A pouco menos de três meses das eleições, o cenário político do Distrito Federal começa a ganhar contornos mais definidos. E, até o momento, um fato parece incontestável: a governadora Celina Leão (PP) entra na reta decisiva da pré-campanha ocupando uma posição privilegiada no tabuleiro político.

As pesquisas divulgadas nos últimos meses colocam Celina na liderança das intenções de voto em diferentes cenários, ainda que a disputa permaneça aberta e com elevado número de eleitores indecisos. Além dos números, a governadora mantém o respaldo de uma ampla base política construída inicialmente pelo ex-governador Ibaneis Rocha e preservada após sua posse definitiva no Palácio do Buriti.

Ao contrário de eleições anteriores, quando a esquerda conseguia apresentar um discurso unificado e competitivo, o momento atual revela um campo político fragmentado e sem uma estratégia capaz de mobilizar o eleitorado brasiliense. Os principais nomes ligados ao campo progressista aparecem distantes da liderança nas pesquisas e, até agora, não conseguiram transformar críticas ao governo em um projeto eleitoral que desperte entusiasmo na população.

A dificuldade não parece estar apenas na escolha de um candidato. O desafio é construir uma narrativa que dialogue com um Distrito Federal cuja pauta política tem sido fortemente influenciada por temas como segurança pública, equilíbrio fiscal, infraestrutura, mobilidade e eficiência administrativa.

Enquanto isso, Celina Leão procura explorar justamente o discurso da continuidade. Sua estratégia é apresentar ao eleitor a ideia de que o governo atual representa a sequência do ciclo administrativo iniciado por Ibaneis Rocha, destacando obras, investimentos, programas sociais e ações voltadas para diferentes regiões administrativas.

Outro fator que pesa a favor da atual governadora é a relativa estabilidade de sua base de apoio. Mesmo com disputas naturais entre partidos do campo de centro e de direita, os principais grupos governistas seguem, até o momento, convergindo em torno de sua candidatura, reduzindo o espaço para divisões internas que poderiam comprometer seu projeto eleitoral.

Isso não significa, porém, que a eleição esteja definida. O elevado percentual de eleitores indecisos indica que ainda existe espaço para mudanças de cenário, especialmente em uma campanha que tende a ser intensificada nas próximas semanas. Além disso, fatos políticos relevantes, debates, desempenho dos adversários e novos acontecimentos podem alterar o humor do eleitorado.

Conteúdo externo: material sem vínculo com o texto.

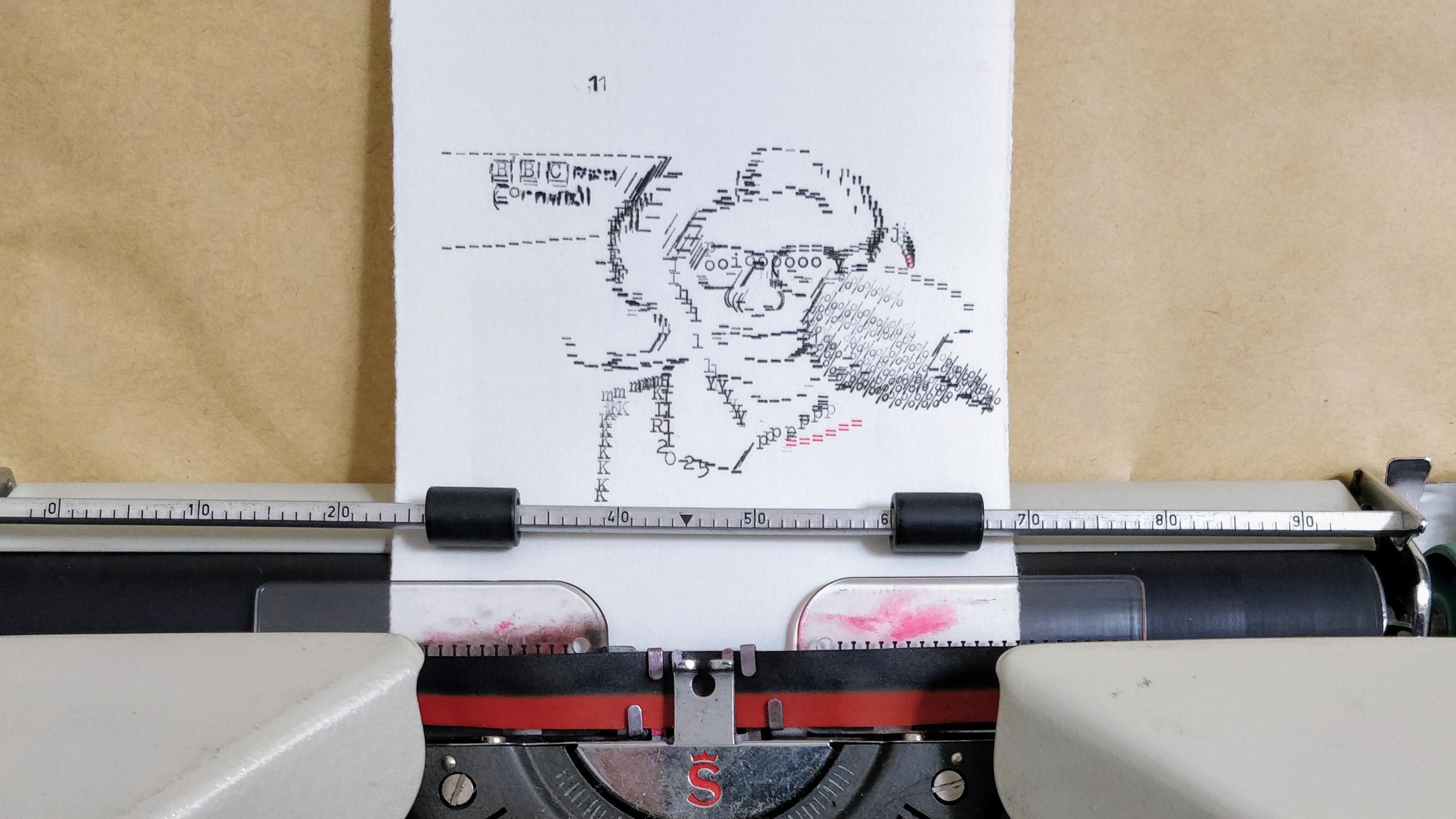 A close-up of a typewriter with a piece of paper in it featuring a portrait of a woman, created using the keys. There is brown paper behind it.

No campo da esquerda, entretanto, o tempo começa a se tornar um adversário. Sem unidade, sem uma liderança naturalmente competitiva e ainda em busca de um discurso capaz de romper a predominância da centro-direita no Distrito Federal, o grupo entra na fase decisiva da disputa mais preocupado em organizar suas próprias forças do que em enfrentar diretamente quem hoje ocupa o Palácio do Buriti.

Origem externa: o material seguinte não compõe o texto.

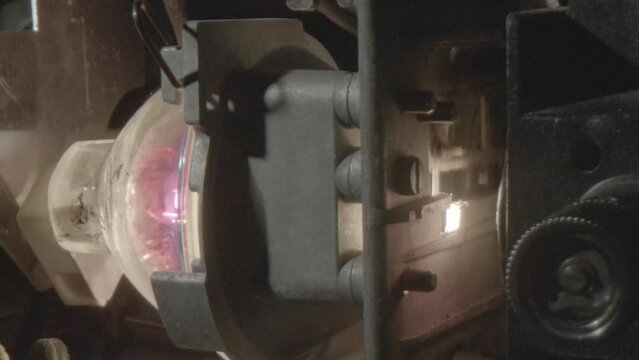 Closeup of the bulb of an 8mm projector that is on, shutter at 16 fps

Na política, favoritismo nunca representa vitória antecipada. Mas também é verdade que campanhas são construídas sobre organização, alianças e capacidade de mobilização. E, observando o cenário atual do Distrito Federal, é difícil negar que Celina Leão inicia essa caminhada em posição significativamente mais confortável do que seus adversários, enquanto a esquerda ainda procura encontrar um caminho para voltar a ser protagonista na política brasiliense.